Harmonium de Kôji Fukada

ciné

Le conflit familial dans lequel prend place le récit d’Harmonium rappelle les drames d’Hirokazu Kore-eda. Ici l’histoire d’un meurtre qui pèse sur une famille entière fait penser à Still Walking où une mère perd son fils lorsque celui-ci sauve un homme de la noyade. Le rescapé vient chaque année voir la famille. Celle-ci ne le ménage pas, surtout la mère, qui lui fait ressentir un terrible sentiment de culpabilité.

L’actrice d’Harmonium, Mariko Tsutsui, a un jeu similaire à Kirin Kiki (la mère) dans Still Walking. On n’a pas encore beaucoup vu Mariko Tsutsui sur le grand écran. Mais c’est un choix judicieux de la part de Kôji Fukada qui semble avoir l’œil pour les bonnes actrices. On se rappellera le cas de Fumi Nikaidô qui avait joué dans Au revoir l’été (2013), elle est maintenant une actrice très populaire au Japon.
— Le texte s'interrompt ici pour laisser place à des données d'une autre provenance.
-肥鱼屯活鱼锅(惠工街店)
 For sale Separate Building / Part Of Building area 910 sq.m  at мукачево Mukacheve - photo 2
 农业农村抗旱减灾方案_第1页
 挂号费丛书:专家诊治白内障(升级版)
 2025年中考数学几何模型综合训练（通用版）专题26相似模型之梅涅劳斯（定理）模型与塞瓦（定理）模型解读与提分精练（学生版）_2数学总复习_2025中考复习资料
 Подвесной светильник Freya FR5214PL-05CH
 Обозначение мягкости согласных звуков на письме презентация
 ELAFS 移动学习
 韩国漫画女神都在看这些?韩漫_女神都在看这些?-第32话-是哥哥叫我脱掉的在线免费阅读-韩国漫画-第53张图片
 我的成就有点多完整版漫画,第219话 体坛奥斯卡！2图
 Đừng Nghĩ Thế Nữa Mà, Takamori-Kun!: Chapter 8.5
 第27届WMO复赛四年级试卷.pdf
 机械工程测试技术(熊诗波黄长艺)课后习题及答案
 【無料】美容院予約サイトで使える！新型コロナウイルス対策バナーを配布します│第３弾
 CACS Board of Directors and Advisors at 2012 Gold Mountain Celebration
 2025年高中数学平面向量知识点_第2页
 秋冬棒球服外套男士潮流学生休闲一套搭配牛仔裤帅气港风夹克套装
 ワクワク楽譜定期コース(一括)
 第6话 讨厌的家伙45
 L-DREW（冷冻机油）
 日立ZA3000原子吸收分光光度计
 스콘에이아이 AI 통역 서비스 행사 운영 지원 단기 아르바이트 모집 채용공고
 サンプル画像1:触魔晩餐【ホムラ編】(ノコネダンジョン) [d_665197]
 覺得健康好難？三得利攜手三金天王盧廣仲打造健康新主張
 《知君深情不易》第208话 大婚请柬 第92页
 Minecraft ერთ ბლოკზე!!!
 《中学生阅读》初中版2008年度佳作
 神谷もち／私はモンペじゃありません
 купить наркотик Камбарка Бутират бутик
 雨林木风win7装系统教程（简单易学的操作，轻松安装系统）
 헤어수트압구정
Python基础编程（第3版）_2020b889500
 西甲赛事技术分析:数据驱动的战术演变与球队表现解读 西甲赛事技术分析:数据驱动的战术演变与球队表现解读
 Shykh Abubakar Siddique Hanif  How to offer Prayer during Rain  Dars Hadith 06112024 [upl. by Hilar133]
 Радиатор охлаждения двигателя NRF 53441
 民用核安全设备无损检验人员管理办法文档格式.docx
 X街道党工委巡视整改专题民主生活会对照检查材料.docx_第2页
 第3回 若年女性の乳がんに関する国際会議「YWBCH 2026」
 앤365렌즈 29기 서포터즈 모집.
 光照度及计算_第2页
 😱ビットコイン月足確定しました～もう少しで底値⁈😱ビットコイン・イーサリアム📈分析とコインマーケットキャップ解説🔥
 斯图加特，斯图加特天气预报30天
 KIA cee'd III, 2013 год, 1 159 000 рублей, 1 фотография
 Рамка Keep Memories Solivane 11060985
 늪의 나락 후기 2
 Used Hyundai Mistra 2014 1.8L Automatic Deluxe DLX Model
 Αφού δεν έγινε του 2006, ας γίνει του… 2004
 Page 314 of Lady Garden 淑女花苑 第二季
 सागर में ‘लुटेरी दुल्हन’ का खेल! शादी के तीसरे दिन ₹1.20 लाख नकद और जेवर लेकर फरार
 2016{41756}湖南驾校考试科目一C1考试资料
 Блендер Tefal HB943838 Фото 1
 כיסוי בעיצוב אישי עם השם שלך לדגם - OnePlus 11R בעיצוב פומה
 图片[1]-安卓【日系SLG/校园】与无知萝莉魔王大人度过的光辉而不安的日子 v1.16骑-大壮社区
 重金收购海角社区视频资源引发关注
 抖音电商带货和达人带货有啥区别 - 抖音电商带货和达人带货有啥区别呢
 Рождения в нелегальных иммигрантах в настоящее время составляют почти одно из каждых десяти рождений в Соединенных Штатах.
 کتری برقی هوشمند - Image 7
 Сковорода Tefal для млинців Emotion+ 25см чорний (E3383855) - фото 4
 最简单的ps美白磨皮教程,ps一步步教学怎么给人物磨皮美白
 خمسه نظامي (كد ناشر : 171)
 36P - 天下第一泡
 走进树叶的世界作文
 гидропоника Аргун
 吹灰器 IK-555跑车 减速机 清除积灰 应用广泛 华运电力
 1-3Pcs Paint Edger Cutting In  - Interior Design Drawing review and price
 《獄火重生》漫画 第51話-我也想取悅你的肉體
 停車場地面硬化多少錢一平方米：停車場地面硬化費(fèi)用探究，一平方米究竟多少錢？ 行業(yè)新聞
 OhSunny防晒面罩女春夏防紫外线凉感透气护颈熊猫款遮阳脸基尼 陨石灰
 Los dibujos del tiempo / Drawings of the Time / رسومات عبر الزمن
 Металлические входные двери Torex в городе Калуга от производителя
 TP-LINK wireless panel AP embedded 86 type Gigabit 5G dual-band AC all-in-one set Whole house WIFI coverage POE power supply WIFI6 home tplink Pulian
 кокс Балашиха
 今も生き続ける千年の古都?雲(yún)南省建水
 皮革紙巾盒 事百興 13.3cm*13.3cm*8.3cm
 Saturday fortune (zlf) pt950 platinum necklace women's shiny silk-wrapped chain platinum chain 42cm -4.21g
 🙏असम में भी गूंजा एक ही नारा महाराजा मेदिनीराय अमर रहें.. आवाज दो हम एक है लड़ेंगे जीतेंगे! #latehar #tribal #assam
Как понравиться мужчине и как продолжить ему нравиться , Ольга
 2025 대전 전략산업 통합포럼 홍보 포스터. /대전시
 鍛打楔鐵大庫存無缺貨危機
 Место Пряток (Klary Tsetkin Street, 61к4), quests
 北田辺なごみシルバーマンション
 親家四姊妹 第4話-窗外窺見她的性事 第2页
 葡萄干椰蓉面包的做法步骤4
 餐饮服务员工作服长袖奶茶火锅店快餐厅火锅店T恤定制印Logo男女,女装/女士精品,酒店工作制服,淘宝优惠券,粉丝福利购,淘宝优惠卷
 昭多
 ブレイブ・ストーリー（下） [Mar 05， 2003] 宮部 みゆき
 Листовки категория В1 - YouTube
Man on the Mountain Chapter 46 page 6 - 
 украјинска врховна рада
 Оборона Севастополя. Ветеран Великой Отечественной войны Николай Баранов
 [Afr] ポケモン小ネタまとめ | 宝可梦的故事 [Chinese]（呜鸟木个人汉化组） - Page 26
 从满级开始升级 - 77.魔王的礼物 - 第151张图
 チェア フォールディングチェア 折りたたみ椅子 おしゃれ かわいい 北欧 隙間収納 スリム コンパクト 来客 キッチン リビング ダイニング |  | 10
Ce que j’apprécie chez Mariko Tsutsui, c’est cette double capacité qu’elle possède, pouvoir retenir ses émotions, comme être capable de les faire exploser. Son jeu n’est jamais figé, ce type de jeu d’acteur est le meilleur selon moi pour un personnage qui va être conduit au bord de la folie.

Dans le nouveau film de Fukada, on retrouve le même pessimisme que dans Au revoir l’été, si ce n’est qu’ici il est plus sombre encore. Cependant le film est parcouru du début à la fin par des traits d’humour très fins. Ils traversent les dialogues et les réactions des personnages face à certaines situations. Néanmoins le scénario est construit de telle manière que jamais l’humour ne vient briser une scène dramatique.

Les scènes dramatiques avec force larmes et de cris nous gênent beaucoup, on aurait voulu ne pas les voir. Quand on est témoin de la mère et de sa fille au bord du suicide, on est d’emblée déçu par la tournure du récit. On se sermonne par la suite, car Kôji Fukada semble avoir mûrement réfléchis son sujet. En fait il s’amuse avec le spectateur en amenant ses personnages à des scènes clichés, desquelles il parvient à faire jaillir la réalité en les poursuivant, en les transformant. Là où d’autres réalisateurs auraient coupés la scène, il poursuit et pousse ses personnages jusqu’au bout.

L’harmonium c’est le symbole de la morale, chargé d’une dimension religieuse c’est lui qui insinue par sa sonorité la culpabilité au personnage. C’est aussi par lui que Monsieur Yasaka se rapproche d’Hitomie et obtient l’occasion de lui faire du mal.

Harmonium est un film sur la culpabilité. C’est l’histoire d’un homme vivant paisiblement avec un crime sur la conscience. Sans rien en laisser paraître comme le joue si bien cet acteur, Kanji Furutachi, incroyablement juste.

La désolation de sa famille est la punition à laquelle il a échappé par peur, mais qu’il a toujours souhaitée pour apaiser sa conscience.

Malgré tout à la fin le récit change de ton, il n’est plus aussi réaliste qu’au cours du développement. Des touches de l’ordre du rêve et de l’illusion commencent à apparaître dans l’œuvre, ouvrant le film de Kôji Fukada vers d’autres horizons cinématographiques.

Harmonium, long-métrage japonais de Kôji Fukada, sortie 2016 au Japon. Sortie courant 2016 en France.